The trial judge refused the company's request to tell jurors not to award punitives for harm to people who weren't part of the case.
The tobacco company won at the Supreme Court in a 5-4 vote last February, with Chief Justice John Roberts and Justices Stephen Breyer, Anthony Kennedy, David Souter and Samuel Alito in the majority.
"A punitive damages award based in part on a jury's desire to punish a defendant for harming nonparties amounts to a taking of property from the defendant without due process," the court said in a ruling written by Breyer.
Plaintiffs can show the company harmed others to prove it deserves punishment, the court said. "A jury may not go further and use a punitive damages verdict to punish a defendant directly for harms to those nonparties," it added.
The justices sent the case back to Oregon, where an appeals court is considering the family's request to uphold the full jury award, said William Gaylord, the family's lawyer, of Gaylord Eyerman Bradley in Portland.
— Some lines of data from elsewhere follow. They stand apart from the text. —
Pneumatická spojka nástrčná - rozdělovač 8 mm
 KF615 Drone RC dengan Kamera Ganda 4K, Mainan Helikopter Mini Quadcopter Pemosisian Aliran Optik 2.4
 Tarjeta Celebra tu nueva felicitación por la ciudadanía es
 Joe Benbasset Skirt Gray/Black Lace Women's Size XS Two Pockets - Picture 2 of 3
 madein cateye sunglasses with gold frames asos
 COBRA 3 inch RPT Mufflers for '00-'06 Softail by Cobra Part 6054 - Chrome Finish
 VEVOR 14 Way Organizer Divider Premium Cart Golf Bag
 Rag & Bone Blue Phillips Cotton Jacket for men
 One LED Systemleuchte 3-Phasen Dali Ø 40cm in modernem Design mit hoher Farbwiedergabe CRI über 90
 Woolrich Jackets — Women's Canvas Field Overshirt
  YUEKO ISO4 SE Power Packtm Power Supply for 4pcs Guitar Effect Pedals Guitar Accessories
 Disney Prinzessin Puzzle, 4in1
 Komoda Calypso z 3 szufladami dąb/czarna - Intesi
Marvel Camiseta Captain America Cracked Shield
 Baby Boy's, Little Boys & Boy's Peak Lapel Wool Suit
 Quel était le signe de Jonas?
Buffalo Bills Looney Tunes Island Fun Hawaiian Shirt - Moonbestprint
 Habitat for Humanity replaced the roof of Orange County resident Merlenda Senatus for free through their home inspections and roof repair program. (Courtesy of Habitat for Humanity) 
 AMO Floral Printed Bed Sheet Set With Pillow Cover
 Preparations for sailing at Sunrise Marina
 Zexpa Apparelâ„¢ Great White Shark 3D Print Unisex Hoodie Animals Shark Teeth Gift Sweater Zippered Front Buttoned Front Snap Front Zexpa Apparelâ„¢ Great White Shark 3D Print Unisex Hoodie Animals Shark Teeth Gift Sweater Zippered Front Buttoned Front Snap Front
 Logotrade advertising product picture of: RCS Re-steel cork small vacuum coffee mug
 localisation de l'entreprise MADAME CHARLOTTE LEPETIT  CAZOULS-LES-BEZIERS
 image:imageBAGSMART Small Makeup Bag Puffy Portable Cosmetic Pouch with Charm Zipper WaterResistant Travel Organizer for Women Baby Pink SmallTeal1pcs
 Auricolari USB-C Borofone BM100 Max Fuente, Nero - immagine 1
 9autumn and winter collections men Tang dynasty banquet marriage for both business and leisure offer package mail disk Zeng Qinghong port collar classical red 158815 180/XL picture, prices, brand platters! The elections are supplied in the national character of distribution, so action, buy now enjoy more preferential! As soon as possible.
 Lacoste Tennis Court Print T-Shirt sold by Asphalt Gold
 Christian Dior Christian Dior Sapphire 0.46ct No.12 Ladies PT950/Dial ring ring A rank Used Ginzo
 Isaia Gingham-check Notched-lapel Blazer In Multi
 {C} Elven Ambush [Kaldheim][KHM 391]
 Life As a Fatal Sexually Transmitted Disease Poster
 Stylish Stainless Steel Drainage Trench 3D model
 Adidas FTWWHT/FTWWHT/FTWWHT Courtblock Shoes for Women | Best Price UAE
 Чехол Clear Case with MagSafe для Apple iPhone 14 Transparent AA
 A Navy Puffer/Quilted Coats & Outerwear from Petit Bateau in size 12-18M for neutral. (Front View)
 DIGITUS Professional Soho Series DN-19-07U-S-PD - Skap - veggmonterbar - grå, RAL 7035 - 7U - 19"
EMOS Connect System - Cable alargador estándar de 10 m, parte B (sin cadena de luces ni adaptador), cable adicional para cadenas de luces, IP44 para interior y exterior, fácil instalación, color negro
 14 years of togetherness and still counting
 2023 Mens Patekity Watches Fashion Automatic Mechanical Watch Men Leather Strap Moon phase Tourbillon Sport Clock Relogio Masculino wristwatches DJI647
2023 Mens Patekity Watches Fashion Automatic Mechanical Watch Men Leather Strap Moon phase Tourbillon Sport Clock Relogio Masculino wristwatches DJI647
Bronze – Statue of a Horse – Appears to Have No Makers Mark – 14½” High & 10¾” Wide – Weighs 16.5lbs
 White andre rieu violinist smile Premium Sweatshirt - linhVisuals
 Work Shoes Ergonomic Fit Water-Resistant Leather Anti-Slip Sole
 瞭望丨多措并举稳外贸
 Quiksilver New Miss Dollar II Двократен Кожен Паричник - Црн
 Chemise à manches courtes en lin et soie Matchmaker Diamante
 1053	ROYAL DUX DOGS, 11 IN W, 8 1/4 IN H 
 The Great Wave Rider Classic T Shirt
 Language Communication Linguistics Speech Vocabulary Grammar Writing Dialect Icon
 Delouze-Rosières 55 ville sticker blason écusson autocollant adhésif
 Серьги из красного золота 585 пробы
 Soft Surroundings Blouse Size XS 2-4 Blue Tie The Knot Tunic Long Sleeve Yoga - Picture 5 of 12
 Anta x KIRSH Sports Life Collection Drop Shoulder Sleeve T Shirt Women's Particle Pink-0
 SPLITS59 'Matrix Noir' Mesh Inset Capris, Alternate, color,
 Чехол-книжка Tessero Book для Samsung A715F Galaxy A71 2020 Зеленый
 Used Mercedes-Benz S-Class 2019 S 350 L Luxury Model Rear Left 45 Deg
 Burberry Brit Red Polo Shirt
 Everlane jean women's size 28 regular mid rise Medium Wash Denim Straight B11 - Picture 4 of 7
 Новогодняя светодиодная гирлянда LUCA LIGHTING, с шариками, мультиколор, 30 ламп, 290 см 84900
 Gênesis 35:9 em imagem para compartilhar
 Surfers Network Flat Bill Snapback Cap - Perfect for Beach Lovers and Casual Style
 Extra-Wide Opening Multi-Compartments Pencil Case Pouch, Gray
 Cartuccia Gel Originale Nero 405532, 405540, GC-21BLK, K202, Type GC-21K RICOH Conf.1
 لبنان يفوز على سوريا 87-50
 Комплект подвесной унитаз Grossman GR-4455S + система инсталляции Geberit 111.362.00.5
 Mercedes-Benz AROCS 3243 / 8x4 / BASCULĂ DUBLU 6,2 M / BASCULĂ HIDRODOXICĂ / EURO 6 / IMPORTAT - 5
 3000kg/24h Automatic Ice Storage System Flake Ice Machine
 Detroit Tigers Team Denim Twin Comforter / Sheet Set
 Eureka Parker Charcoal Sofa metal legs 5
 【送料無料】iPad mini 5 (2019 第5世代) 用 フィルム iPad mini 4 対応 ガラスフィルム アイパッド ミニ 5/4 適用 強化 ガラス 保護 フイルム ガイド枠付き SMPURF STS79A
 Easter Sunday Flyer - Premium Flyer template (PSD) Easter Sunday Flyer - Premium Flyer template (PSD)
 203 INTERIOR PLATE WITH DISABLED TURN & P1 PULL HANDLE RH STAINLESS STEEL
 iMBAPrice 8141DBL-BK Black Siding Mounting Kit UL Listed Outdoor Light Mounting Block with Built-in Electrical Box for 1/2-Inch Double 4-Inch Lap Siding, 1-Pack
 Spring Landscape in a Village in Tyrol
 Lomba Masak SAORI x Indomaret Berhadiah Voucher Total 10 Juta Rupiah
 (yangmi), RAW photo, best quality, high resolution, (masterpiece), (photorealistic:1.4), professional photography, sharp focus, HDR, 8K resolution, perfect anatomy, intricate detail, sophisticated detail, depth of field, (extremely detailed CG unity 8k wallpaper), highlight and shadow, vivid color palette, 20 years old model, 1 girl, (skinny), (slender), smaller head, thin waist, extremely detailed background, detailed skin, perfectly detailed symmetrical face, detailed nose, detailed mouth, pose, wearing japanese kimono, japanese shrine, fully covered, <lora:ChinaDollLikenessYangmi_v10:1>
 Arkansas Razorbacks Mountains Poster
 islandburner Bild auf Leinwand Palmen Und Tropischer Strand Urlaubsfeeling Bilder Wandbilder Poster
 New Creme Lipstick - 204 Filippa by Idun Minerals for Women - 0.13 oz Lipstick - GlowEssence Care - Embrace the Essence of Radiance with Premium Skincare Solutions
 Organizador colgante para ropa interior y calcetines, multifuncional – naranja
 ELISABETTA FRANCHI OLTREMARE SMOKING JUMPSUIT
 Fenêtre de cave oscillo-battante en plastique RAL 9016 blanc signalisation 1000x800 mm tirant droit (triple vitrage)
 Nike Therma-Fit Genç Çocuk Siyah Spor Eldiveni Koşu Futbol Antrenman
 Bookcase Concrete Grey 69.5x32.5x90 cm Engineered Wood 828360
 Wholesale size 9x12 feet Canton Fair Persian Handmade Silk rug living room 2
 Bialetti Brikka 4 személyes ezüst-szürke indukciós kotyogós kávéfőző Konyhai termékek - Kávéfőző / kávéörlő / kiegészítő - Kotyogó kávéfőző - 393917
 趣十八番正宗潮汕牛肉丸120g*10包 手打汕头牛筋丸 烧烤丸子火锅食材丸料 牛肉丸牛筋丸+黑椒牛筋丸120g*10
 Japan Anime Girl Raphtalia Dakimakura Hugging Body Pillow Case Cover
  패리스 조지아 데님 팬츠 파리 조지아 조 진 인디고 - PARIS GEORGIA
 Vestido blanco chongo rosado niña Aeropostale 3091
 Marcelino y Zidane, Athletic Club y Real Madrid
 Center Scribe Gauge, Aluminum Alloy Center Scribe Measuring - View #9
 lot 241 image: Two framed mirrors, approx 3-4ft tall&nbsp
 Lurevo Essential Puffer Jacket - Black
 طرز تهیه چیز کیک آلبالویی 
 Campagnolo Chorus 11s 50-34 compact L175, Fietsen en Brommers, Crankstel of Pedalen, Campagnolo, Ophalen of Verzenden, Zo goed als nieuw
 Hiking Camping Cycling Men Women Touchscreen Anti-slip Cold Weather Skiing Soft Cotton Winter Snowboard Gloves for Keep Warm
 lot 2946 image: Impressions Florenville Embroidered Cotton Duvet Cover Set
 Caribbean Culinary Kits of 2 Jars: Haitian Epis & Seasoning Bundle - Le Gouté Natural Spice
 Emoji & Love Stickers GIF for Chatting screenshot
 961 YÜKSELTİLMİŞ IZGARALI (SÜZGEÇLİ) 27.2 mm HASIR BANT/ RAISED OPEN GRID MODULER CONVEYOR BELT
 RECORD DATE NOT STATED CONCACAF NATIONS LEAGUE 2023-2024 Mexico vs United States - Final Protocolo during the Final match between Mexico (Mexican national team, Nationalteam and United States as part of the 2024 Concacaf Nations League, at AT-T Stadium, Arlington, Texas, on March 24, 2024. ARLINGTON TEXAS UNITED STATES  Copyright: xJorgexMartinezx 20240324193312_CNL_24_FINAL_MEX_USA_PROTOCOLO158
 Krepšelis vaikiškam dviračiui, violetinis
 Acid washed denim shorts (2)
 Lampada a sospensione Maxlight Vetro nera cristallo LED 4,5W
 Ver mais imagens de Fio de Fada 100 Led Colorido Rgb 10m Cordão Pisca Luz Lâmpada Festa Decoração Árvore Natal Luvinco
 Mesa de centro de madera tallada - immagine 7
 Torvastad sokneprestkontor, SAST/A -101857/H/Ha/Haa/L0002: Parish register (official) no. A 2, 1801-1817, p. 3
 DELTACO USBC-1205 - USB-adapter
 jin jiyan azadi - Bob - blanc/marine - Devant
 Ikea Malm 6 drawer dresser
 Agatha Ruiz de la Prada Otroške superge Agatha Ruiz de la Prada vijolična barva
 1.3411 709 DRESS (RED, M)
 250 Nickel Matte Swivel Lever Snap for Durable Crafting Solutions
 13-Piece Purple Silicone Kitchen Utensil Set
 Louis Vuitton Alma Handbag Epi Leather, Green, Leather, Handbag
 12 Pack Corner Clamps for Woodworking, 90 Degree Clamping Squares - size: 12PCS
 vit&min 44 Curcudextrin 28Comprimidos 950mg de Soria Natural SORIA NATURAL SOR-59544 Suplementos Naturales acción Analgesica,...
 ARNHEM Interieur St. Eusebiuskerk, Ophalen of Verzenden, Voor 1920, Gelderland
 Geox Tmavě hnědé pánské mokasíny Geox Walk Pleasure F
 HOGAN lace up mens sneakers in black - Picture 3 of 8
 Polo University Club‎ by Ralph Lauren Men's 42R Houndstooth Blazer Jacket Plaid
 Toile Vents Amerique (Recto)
The court may also reduce the award or order a new trial.
The Philip Morris decision threatens any punitive-damage award that didn't include a jury instruction against punishing people not included in the case, said attorney Scott Nealey. He won a $50 million punitive verdict against DaimlerChrysler in Los Angeles last year, indicating the Supreme Court decision has not cut off such damages entirely.